What carries the argument

Dual-level transformer design that combines a patch-level DiT for coarse semantics with a pixel-level DiT for detail refinement, allowing direct pixel-space diffusion without dimensionality reduction.

If this is right

  • Removes error accumulation from autoencoder reconstruction in the generation pipeline.
  • Enables true end-to-end optimization of the diffusion process without frozen pretrained components.
  • Supports direct pixel-space training at 1024 resolution for text-to-image tasks.
  • Surpasses prior pixel-space generative models on standard ImageNet FID benchmarks.
  • Approaches the performance of the strongest latent diffusion models on GenEval and DPG-bench.

Where Pith is reading between the lines

These are editorial extensions of the paper, not claims the author makes directly.

  • The approach may simplify deployment by removing the need to train or maintain a separate autoencoder.
  • It could make high-resolution generation more straightforward in domains where defining a good latent space is difficult.
  • The split between patch and pixel levels suggests a general pattern for scaling transformers when operating on high-dimensional raw signals.

Load-bearing premise

The dual-level patch and pixel transformers can handle both global structure and fine details at full resolution without the compression that an autoencoder provides.

What would settle it

Measure whether PixelDiT at 1024 resolution requires substantially more compute or memory than a comparable latent diffusion model while delivering lower or equal FID and GenEval scores.

read the original abstract

Latent-space modeling has been the standard for Diffusion Transformers (DiTs). However, it relies on a two-stage pipeline where the pretrained autoencoder introduces lossy reconstruction, leading to error accumulation while hindering joint optimization. To address these issues, we propose PixelDiT, a single-stage, end-to-end model that eliminates the need for the autoencoder and learns the diffusion process directly in the pixel space.
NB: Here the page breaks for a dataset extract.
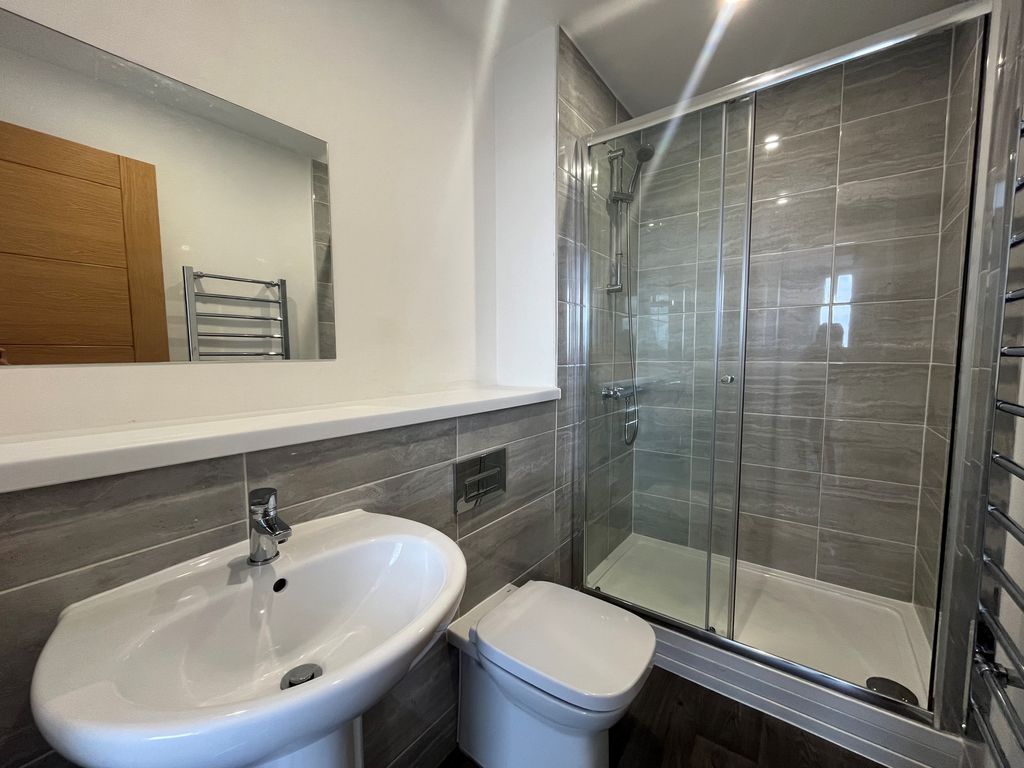 Property photo 2 of 3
PixelDiT adopts a fully transformer-based architecture shaped by a dual-level design: a patch-level DiT that captures global semantics and a pixel-level DiT that refines texture details, enabling efficient training of a pixel-space diffusion model while preserving fine details. PixelDiT achieves 1.61 FID on ImageNet 256 and 1.81 FID on ImageNet 512, surpassing existing pixel generative models. We further extend PixelDiT to text-to-image generation and pretrain it at the 10242resolution in pixel space. It achieves 0.74 on GenEval and 83.5 on DPG-bench, approaching the best latent diffusion models. Code: https://github.com/NVlabs/PixelDiT

Editorial analysis

A structured set of objections, weighed in public.

Desk editor's note, referee report, simulated authors' rebuttal, and a circularity audit. Tearing a paper down is the easy half of reading it; the pith above is the substance, this is the friction.

Referee Report

3 major / 1 minor

Summary. The paper proposes PixelDiT, a single-stage end-to-end pixel-space Diffusion Transformer that removes the latent autoencoder stage. It uses a dual-level architecture with a patch-level DiT to capture global semantics and a pixel-level DiT to refine fine texture details. The model is evaluated on class-conditional ImageNet generation at 256 and 512 resolutions and extended to text-to-image at 1024 resolution, reporting FID scores of 1.61 and 1.81 on ImageNet plus 0.74 on GenEval and 83.5 on DPG-bench.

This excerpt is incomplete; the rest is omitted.